Start of INFORMATION PROVIDED
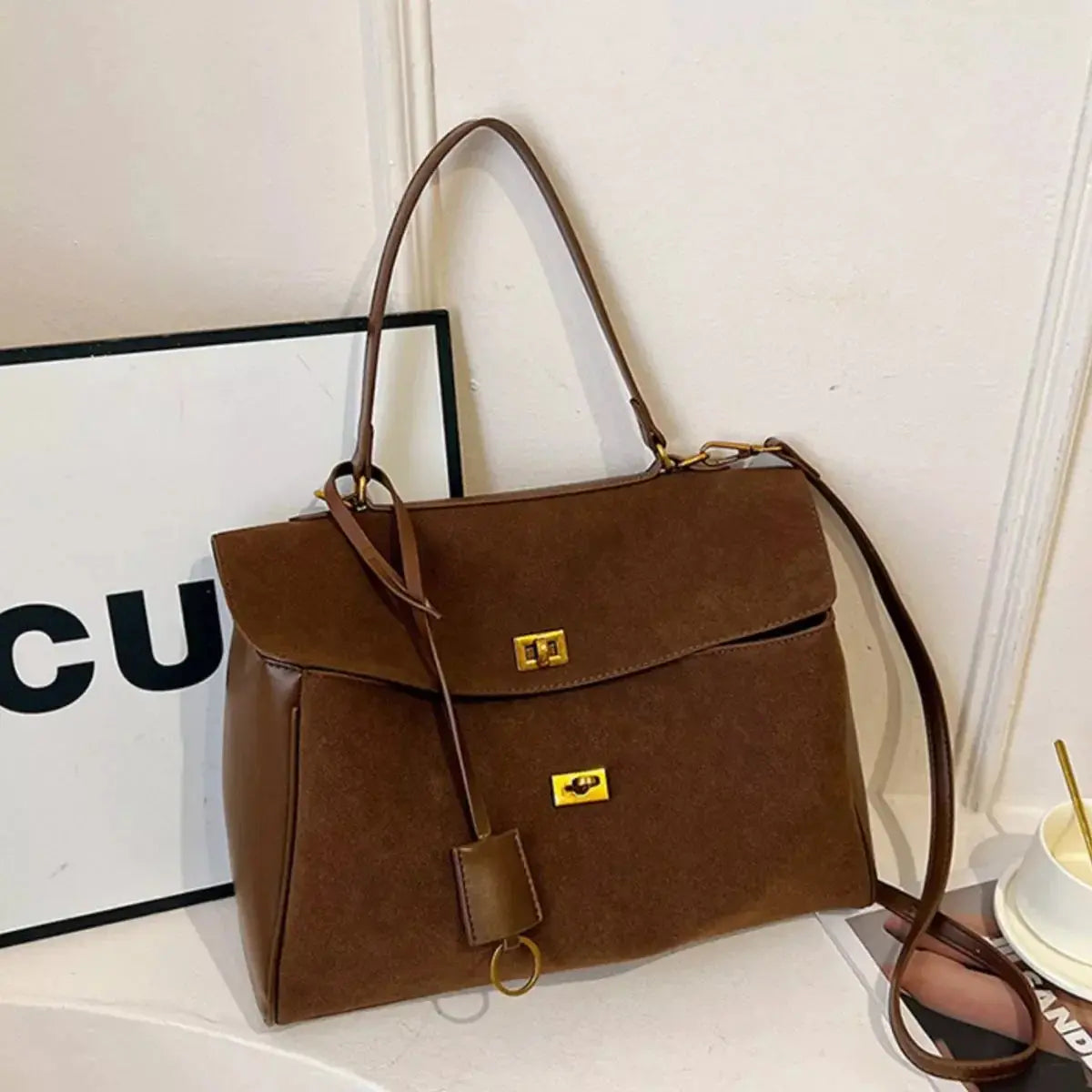 Black PU Leather Flap Crossbody Bag Medium Size With Gold Hardware Simply Love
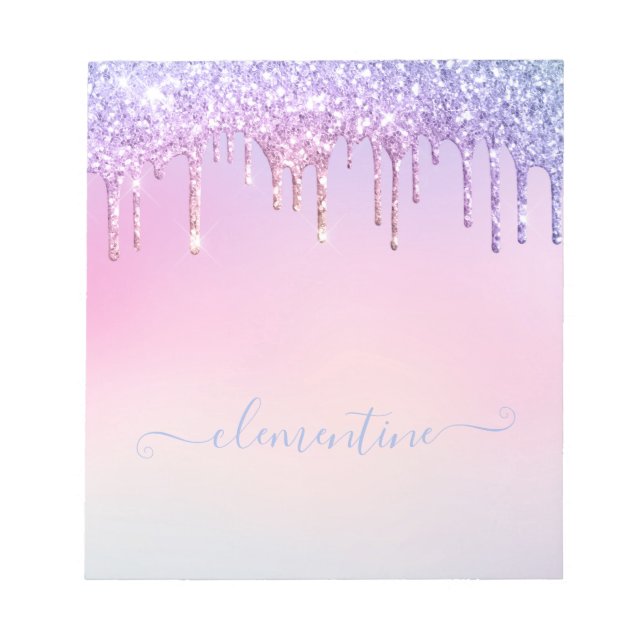 Rainbow glitter sparkle script modern girly script notepad (Front)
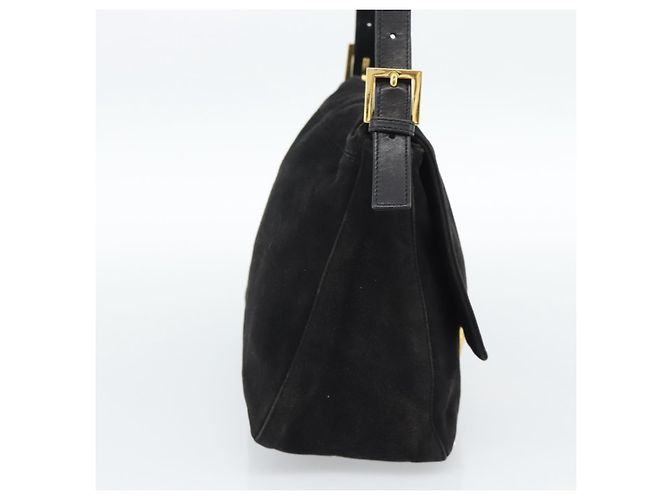 FENDI Mamma Baguette Schultertasche aus Wildleder Schwarz Gold Authentisch 187561SAM - Ansicht 3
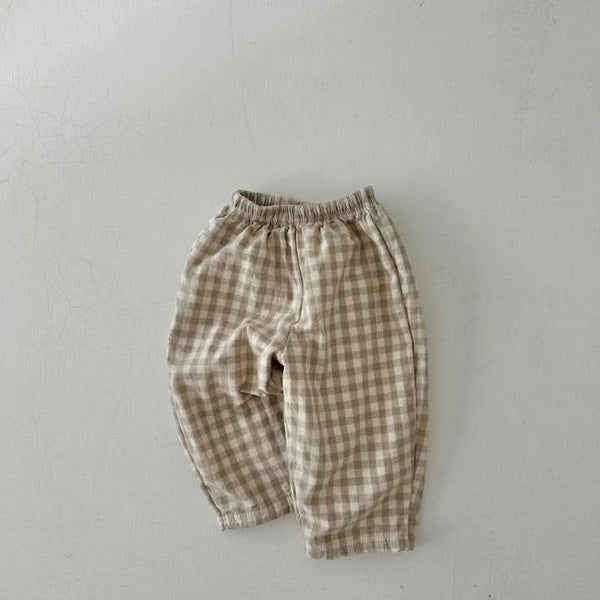 Baby Toddler Land Gingham Pull-On Pants (4m-5y) - Beige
End of INFORMATION PROVIDED
TASK DIRECTIONS - Where the line containing "Rainbow glitter sparkle" appears, begin writing out the lines exactly, and continue through the end of the material above, omitting pictures.

ANSWER SECTION -
 Rainbow glitter sparkle script modern girly script notepad (Front)
 FENDI Mamma Baguette Schultertasche aus Wildleder Schwarz Gold Authentisch 187561SAM - Ansicht 3
 Baby Toddler Land Gingham Pull-On Pants (4m-5y) - Beige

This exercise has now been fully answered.